Schlechte Zeiten für das Wohnmobil. Seit rund drei Jahren sind Helga und Bruno Heer nicht mehr so oft mit ihrem Gefährt unterwegs, und das liegt keineswegs nur an Corona. Ein gut 400 Quadratmeter großes Stück Erde an der Stadtmauer mit herrlichem Blick auf die Altstadt hat von März bis Ende Oktober ihre ganze Aufmerksamkeit. "Wir sind vier, fünf Tage in der Woche zusammen hier, meine Frau noch öfter", sagt Bruno Heer. Sie haben in den letzten Jahren ein kleines Paradies geschaffen, ein Zier- und Nutzgarten gleichermaßen. Und dabei sind sie eigentlich dazu gekommen, wie die berühmte Jungfrau zum Kind.

Denn eigentlich gehört der Garten gar nicht ihnen, sondern ihrem Sohn Björn. Er hatte sich schon lange einen Garten in Münnerstadt gewünscht und als die Parzelle an der Stadtmauer zum Verkauf stand, hat die Familie Heer zugeschlagen. Es gibt da nur ein kleines Problem: Björn Heer wohnt gar nicht mehr in Münnerstadt, sondern am Starnberger See. Und so haben sie sich die Tätigkeiten im Garten aufgeteilt. "Die Arbeit machen wir und er macht die Planung", sagt Helga Heer. Ihr Sohn plant alles ganz genau, welche Blumen gekauft werden und welche Pflanzen. Und als Rentner haben Helga und Bruno Heer genügend Zeit, sich darum zu kümmern.

Der Garten bietet alles: Auf der einen Seite wächst Gemüse, auf der anderen Pflanzen.
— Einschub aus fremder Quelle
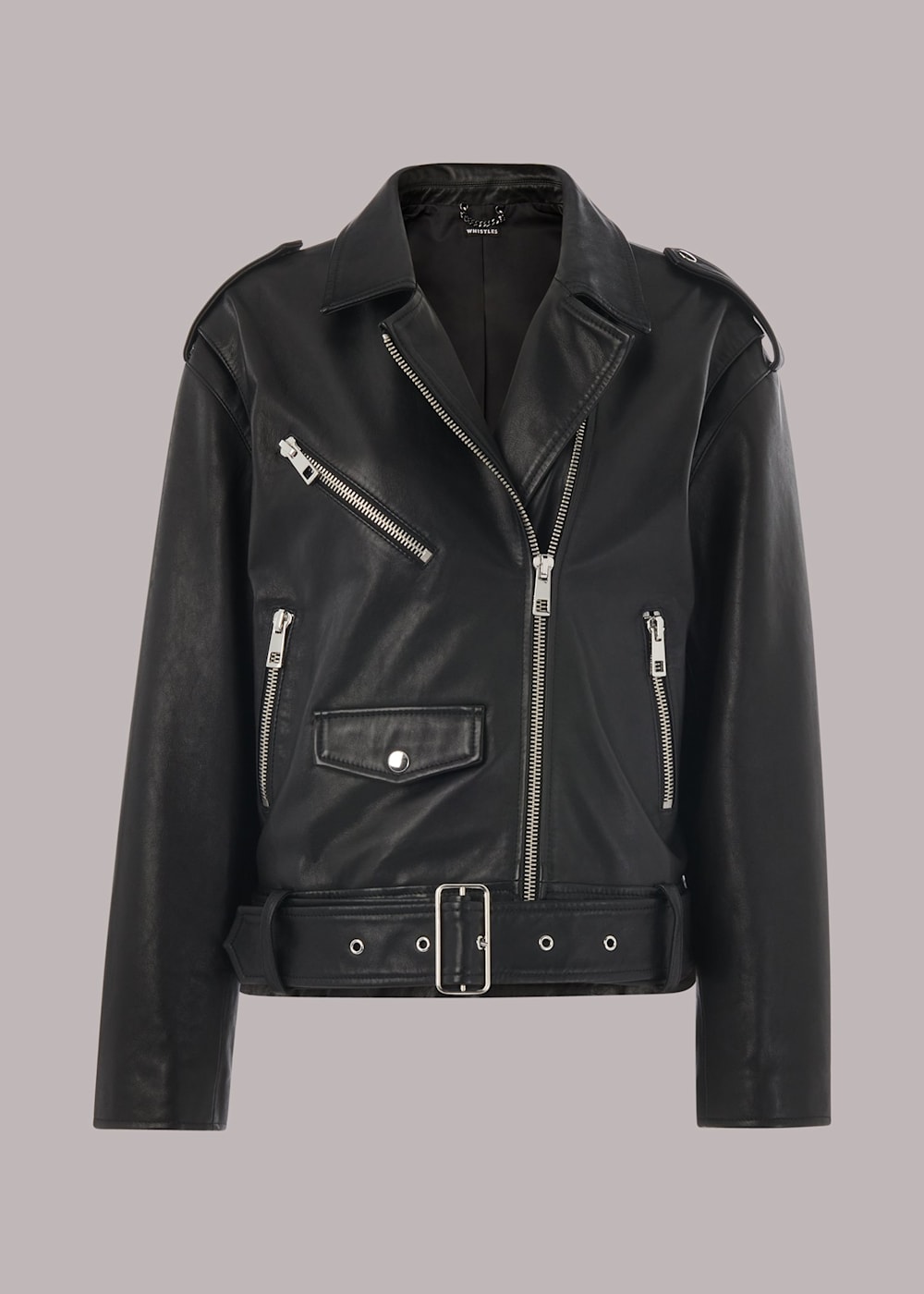 Black Sophia Oversized Leather Biker WHISTLES Whistles UK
Auch einen Teich mit Wiese gibt es. Und natürlich Bäume, die meisten sind erst neu hinzugekommen. Den vorhandenen alten Apfelbaum haben sie erst einmal kräftig stutzen müssen. Um ihn gibt es eine schöne Geschichte, die auch etwas mit den Initialen "OW" zu tun hat, die im Gartentor zu finden sind. Die stehen für Oskar Winkelmann, ihm hat der Garten einst gehört. Dessen Sohn, Karl-Heiz Winkelmann, der das gleichnamige Café am Marktplatz betrieb (heute wieder Zum Bären), verpachtete den Garten. Von den vorherigen Pächtern haben die Heers erfahren, dass Karl-Heinz Winkelmann im Herbst immer die Äpfel von diesem Baum geerntet hat, um damit seinen berühmten Apfelkuchen zu backen.

Es gibt noch mehr Geschichten und Geschichte in dem kleinen Garten. Ganz hinten unmittelbar neben dem Zusammenfluss von Mühlbach und Talwasser steht ein kleines Häuschen, gerade einmal groß genug, um ein paar Geräte hineinzustellen. Aber immerhin, die kleine Hütte verfügt über eine Veranda. Als die Familie Heer den Garten übernommen hat, war die Hütte in einem schlechten Zustand Als sie das Lenolium entfernt haben, kam ein kleines Mosaik zum Vorschein: die Jahreszahl 1932. Da ist sie offensichtlich gebaut worden. Die Hütte selbst haben die Heer belassen, die Holzkonstruktion der Veranda musste aber erneuert werden. "Wir haben uns einen Schreiner geholt, der hat alles wie früher gezapft", sagt Bruno Heer. Keine Schraube hält die Konstruktion zusammen.

Was von den alten Balken noch gut war, fand gleich eine neue Verwendung. Bruno Heer hat aus den Balken und einer ausgedienten Fensterscheibe einen Tisch gemacht und ein paar Bänke dazu. So ist ein schöner kleiner Platz entstanden, an dem sie schon den eine oder andre Geburtstag gefeiert haben.

Wenn man den blühenden Garten sieht, kann man gar nicht glauben, dass Helga und Bruno Heer bis vor ein paar Jahren nicht unbedingt Gartenexperten waren. "Wir haben uns gezwungenermaßen eingelesen in den Bereich Nutzgarten", sagt Bruno Heer. Und sie haben viele Tipps und Hilfe von den Gartennachbarn bekommen. "Man muss einfach nachfragen, ich habe kein Problem damit", fügt Helga Heer hinzu. Schließlich seien sie ja etwas überraschend zu Gartenbesitzern geworden.

Jetzt ist es an der Zeit, die Früchte ihrer Arbeit zu ernten, Zucchini und Erdbeeren beispielsweise. Und wenn sie dann doch wieder einmal ins Wohnmobil steigen und zu ihrem Sohn an den Starnberger See fahren, geht die Ernte mit auf Reisen. Schließlich soll Björn Heer auch etwas von seinem Garten haben.